Most companies do not have a formal approach to create and manage this video. The lack of a formal approach, a video management strategy, results in inefficiency, confusion, increased costs, lost opportunities, and decreased agility over time.

Managing video effectively in an organization can be simple and straightforward. A key piece of a successful video management strategy is to employ Digital Asset Management (DAM). DAM improves creative workflows and productivity by providing a common, anywhere accessible platform to manage, locate, repurpose, and distribute video along with related content and other rich media. Once employed, DAM simplifies creation, production and delivery processes, enables new workflows and new business opportunities, while eliminating costs throughout the lifecycle.

The Challenge of Video

Video poses a set of challenges to companies. Video is:

Generated by many different sources within and outside an organization
Available in tape and/or digital sources. Quality and formats vary greatly
Stored in a number of places (i.e., disks, tapes, file shares, databases, storage closets, etc.)
Difficult to locate and access (unless it resides in a central digital repository and is catalogued)
Consumed by a broad and diverse audience both internally and externally. Localization and/or re-edits are frequently required.
Large in file size
Often copyrighted, or has rights associated with it that define proper use and must be adhered to.

In addition, businesses are struggling with:

Tight budgets and ROI which are forcing teams to do more with less
Emerging technologies and their disparate adoption across the business, industries and more
Inefficient video production workflows that allow quick/easy reuse, repurposing and distribution of video
Lack of control: video is everywhere; lower storage or equipment costs drive ad hoc purchase and use.

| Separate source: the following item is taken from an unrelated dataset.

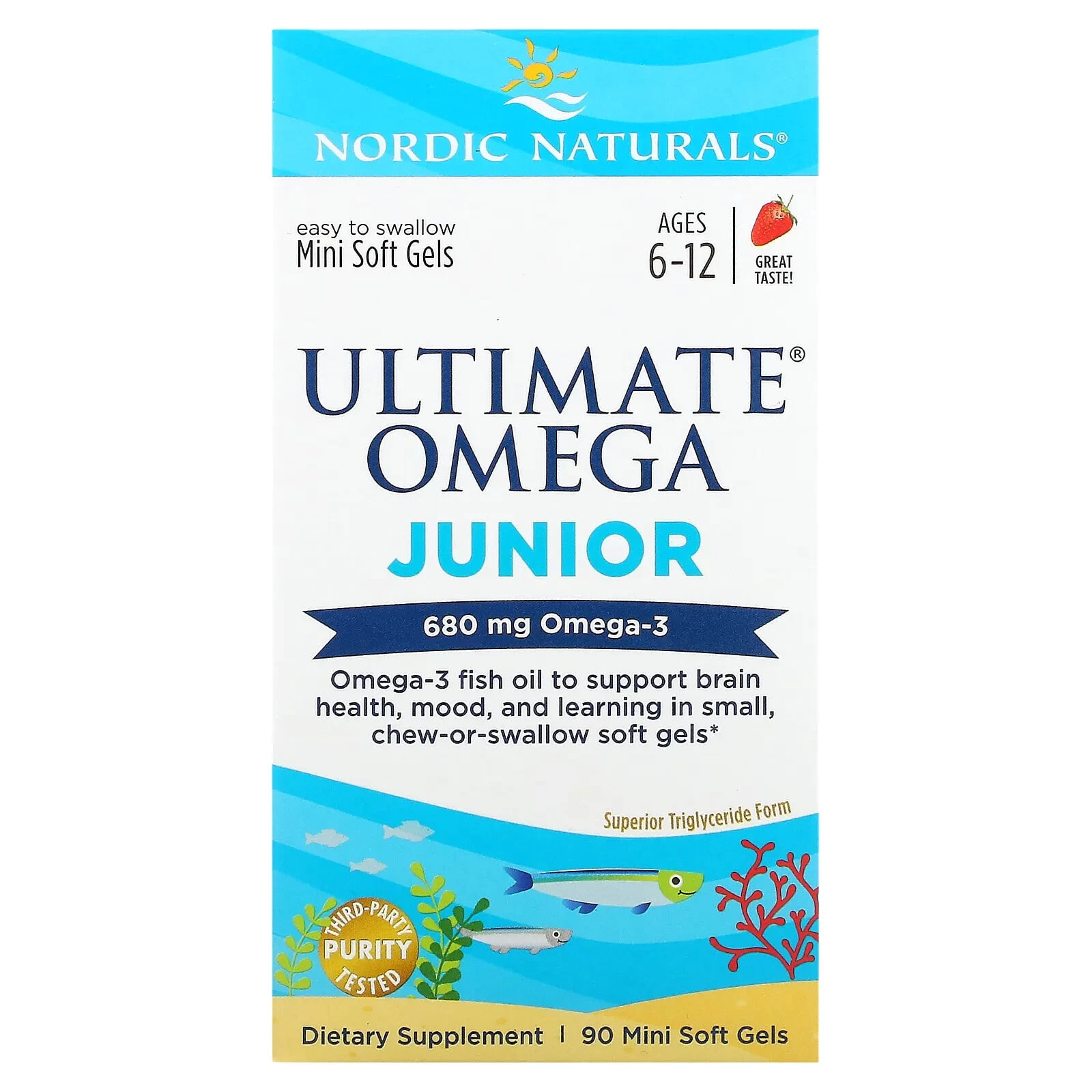 Нордик Натуралс, Ultimate Omega Junior, для детей от 6 до 12 лет, со вкусом клубники, 340 мг, 90 мини-капсул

The recent explosion of Facebook, YouTube, and other social media along with powerful processors, cheap storage, greater bandwidth, and growing user expectations, is rampantly driving businesses to utilize rich media -- specifically video as a key communication vehicle.. This trend coupled with emerging technology and distribution options is forcing all types of businesses to maximize and monetize content use. Content and specifically video is now mission critical to the organization. According to Forrester Research, by 2013, with people consuming just one extra hour of video per day, an additional $37.5 billion dollars will be generated for those businesses monetizing content.

Meeting the Challenge

What can you do to better create and manage video to gain efficiencies, reduce costs and increase agility? Do you know what your company is doing with video? Are you:

Acquiring it?
Producing it?
Watching it?
Streaming it?
Distributing it to traditional broadcast and/or online outlets?

Here are 5 steps to assess your company's use of video, and how best to begin to manage it.

Step 1: Identify what video means to your organization
Ask your internal users how and where they use video today. What videos are being created, produced, watched, streamed or distributed? Ask them what video needs they might have in the future. Ask your partners and customers what information they'd like to consume in a video format? While there may be some obvious uses among the different kinds of business users, you may be surprised.

Step 2: Identify business requirements
No matter the industry the same approach applies. Within each organizational department, identify:
1. Whether the department has a need for video
2. What video is used for or could be used for (use cases) in the department:
Internal communications: corporate training, sales communications, human resources, etc.
External communications: sales and marketing, product training, advertising, web
Production and/or product development: team and vendor communications and production workflows; review and approval
Aggregation and distribution: delivery to web, broadcast, IPTV, cable, etc.
3. What the frequency of creation and distribution is for each case
4. Where is the video coming from (what is the source), who is the audience, and where it is going (how it is delivered)

The answers will vary depending on the type of business and whom the business serves but will give you a deeper and clearer picture of your company's video management needs.